The goal is to have POSIX-class job control in MINIX.
Job control is a feature added in 1983 to 4.2BSD “C shell”, csh. Shortly after, the idea has been ported to AT&T System V, and many descendants of the Bourne shell (like ksh, bash) are offering this feature. The basis of how-it-works has been carefully specified within the Posix standard.
Minix conforms to POSIX.1-1990, where job control was optional; in the context of a small operating system to run on 16-bit Intel PCs, such an option was dropped.
Then, that option becomes mandatory as part of the FIPS standardization, so almost any *nix-like operating systems these days provide it. It has been required for conformance (mandatory) since the 2001 revision of the POSIX standard. And several important applications (gdb, bash,…) are assuming this feature is always available and do not provide an acceptable work-around.
This section is directly extracted from the BSD termios(4) manual page.
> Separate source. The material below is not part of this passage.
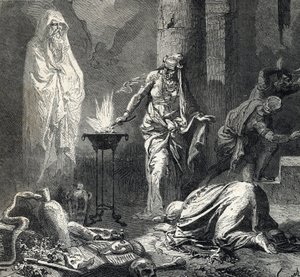 Darstellung der Hexe von Endor (oder Pythonisse von Endor), ein kanaanitisches Dorf, das im ersten Buch Samuel (Bibel) erwähnt wird, das einen Talisman hat, mit dem sie den Geist des kürzlich verstorbenen Propheten Samuel auf Wunsch von Saul, König von Isr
Every process is associated with a particular process group and session. The grouping is hierarchical: every member of a particular process group is a member of the same session. This structuring is used in managing groups of related processes for purposes of job control; that is, the ability from the keyboard (or from program control) to simultaneously stop or restart a complex command (a command composed of one or more related processes). The grouping into process groups allows delivering of signals that stop or start the group as a whole, along with arbitrating which process group has access to the single controlling terminal. The grouping at a higher layer into sessions is to restrict the job control related signals and system calls to within processes resulting from a particular instance of a login. Typically, a session is created when a user logs in, and the login terminal is setup to be the controlling terminal; all processes spawned from that login shell are in the same session, and inherit the controlling terminal.
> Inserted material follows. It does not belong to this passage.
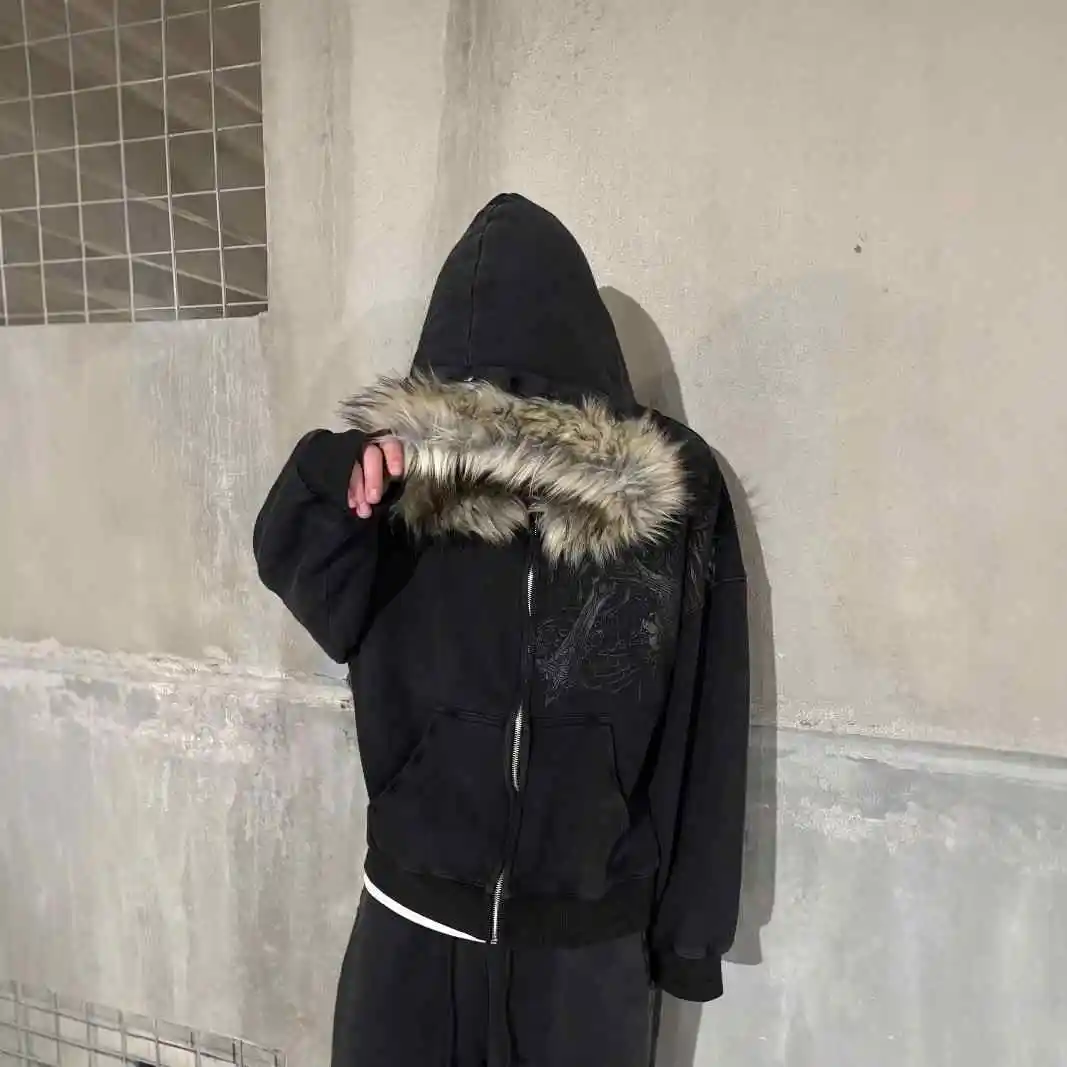 Casual Y2K Zip up Hoodie Faur Collar Harajuku High Street Hip Hop Zipper Sweatshirt Streetwear Retro Rock Goth Loose Punk Jacket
A job control shell operating interactively (that is, reading commands
from a terminal) normally groups related processes together by placing
them into the same process group. A set of processes in the same process
group is collectively referred to as a job. When the foreground
process group of the terminal is the same as the process group of a particular
job, that job is said to be in the foreground. When the
process group of the terminal is different from the process group of a
job (but is still the controlling terminal), that job is said to be in
the background. Normally the shell reads a command and starts the
job that implements that command. If the command is to be started in the
foreground (typical), it sets the process group of the terminal to the
process group of the started job, waits for the job to complete, and then
sets the process group of the terminal back to its own process group (it
puts itself into the foreground). If the job is to be started in the
background (as denoted by the shell operator “&”), it never changes the
process group of the terminal and does not wait for the job to complete
(that is, it immediately attempts to read the next command). If the job
is started in the foreground, the user may type a key (usually ^Z)
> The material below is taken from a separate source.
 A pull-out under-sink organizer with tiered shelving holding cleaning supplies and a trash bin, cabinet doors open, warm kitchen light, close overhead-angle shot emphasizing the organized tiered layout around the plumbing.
which generates the terminal stop signal (SIGTSTP
) and has the effect of
stopping the entire job. The shell will notice that the job stopped, and
will resume running after placing itself in the foreground. The shell
also has commands for placing stopped jobs in the background, and for
placing stopped or background jobs into the foreground.
Done | Functionality | Comments |
20% | more than one process group within a session | |
15% | changing the process group at controlling terminal | |
10% | stopping processes, and report of it | |
10% | suspending process groups from terminal | |
☐ | stopping background processes interacting with terminal | Blocker, see below |
☐ | enable job control in ash(1) | |
☐ | enable multiple jobs in make(1) and bmake(1pkgsrc) | |
☐ | support for SIGCHLD signal (enhanced to stopping) | |
☐ | support for TOSTOP control | |
☐ | support for orphaned process groups |
As part of normal test suite of MINIX, a new program has to be added to test all the functionalities as specified from POSIX; this program is itself tested against other implementations (like NetBSD).
Tested | Target environment | By | Comments |
☐ | Clang-compiled MINIX | ||
☐ | GCC-compiled MINIX | ||
☐ | GDB | ||
☐ | Pkgsrc (bash, etc.) |
Solved | Problem | Comments |
☐ |
The basic interface is setpgid(2)
, also known as setpgrp(2)
on BSD systems; (Posix changed the name because setpgrp()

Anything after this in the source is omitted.